• **Task description**: Using the data below, print exactly the line with "Abarth 595 595", the line with "Cover of Prodigal", and every line between them, but none of the pictures.

═════ Records for processing ═════

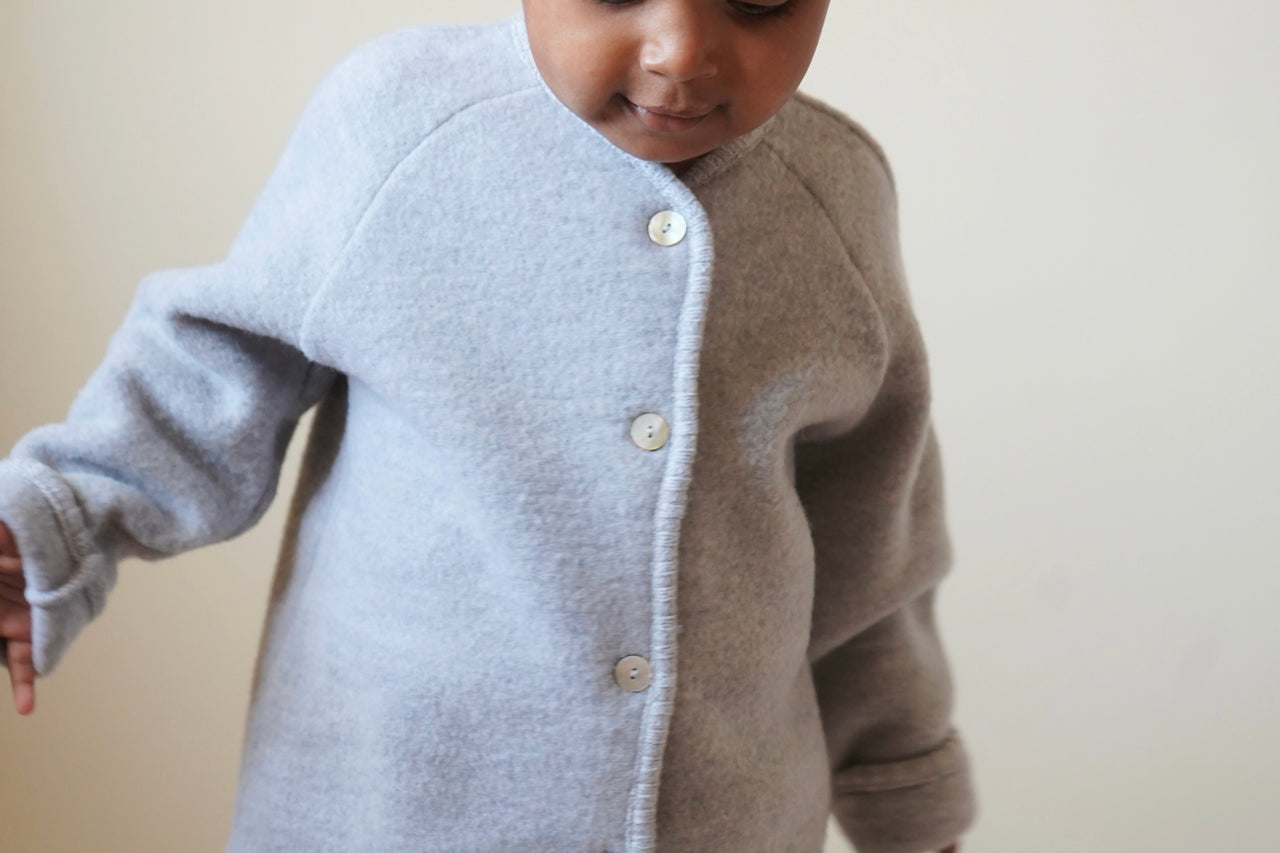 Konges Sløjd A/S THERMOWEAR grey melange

═════
═════ Records for processing ═════

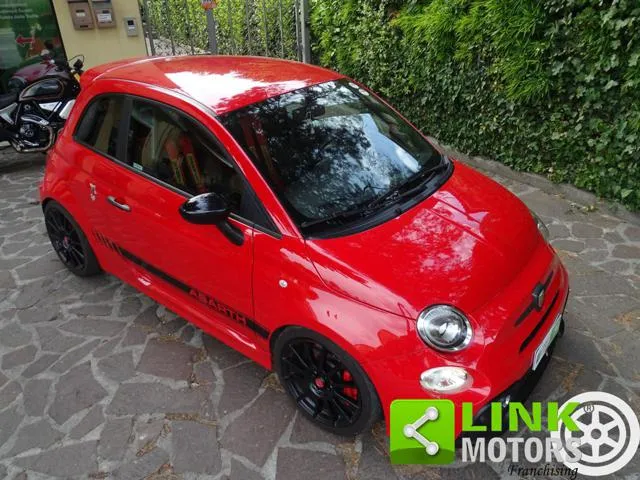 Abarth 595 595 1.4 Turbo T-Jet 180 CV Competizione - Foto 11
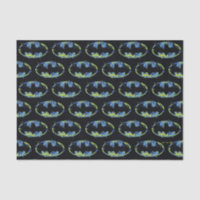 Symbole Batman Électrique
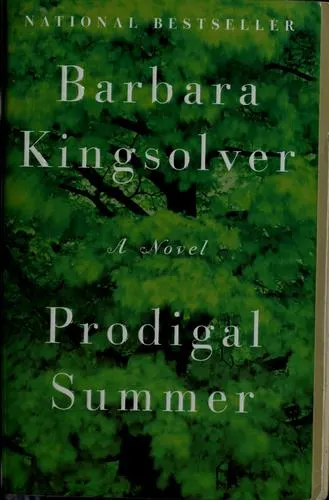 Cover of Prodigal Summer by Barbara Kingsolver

═════

• **Task answer**:
 Abarth 595 595 1.4 Turbo T-Jet 180 CV Competizione - Foto 11
 Symbole Batman Électrique
 Cover of Prodigal Summer by Barbara Kingsolver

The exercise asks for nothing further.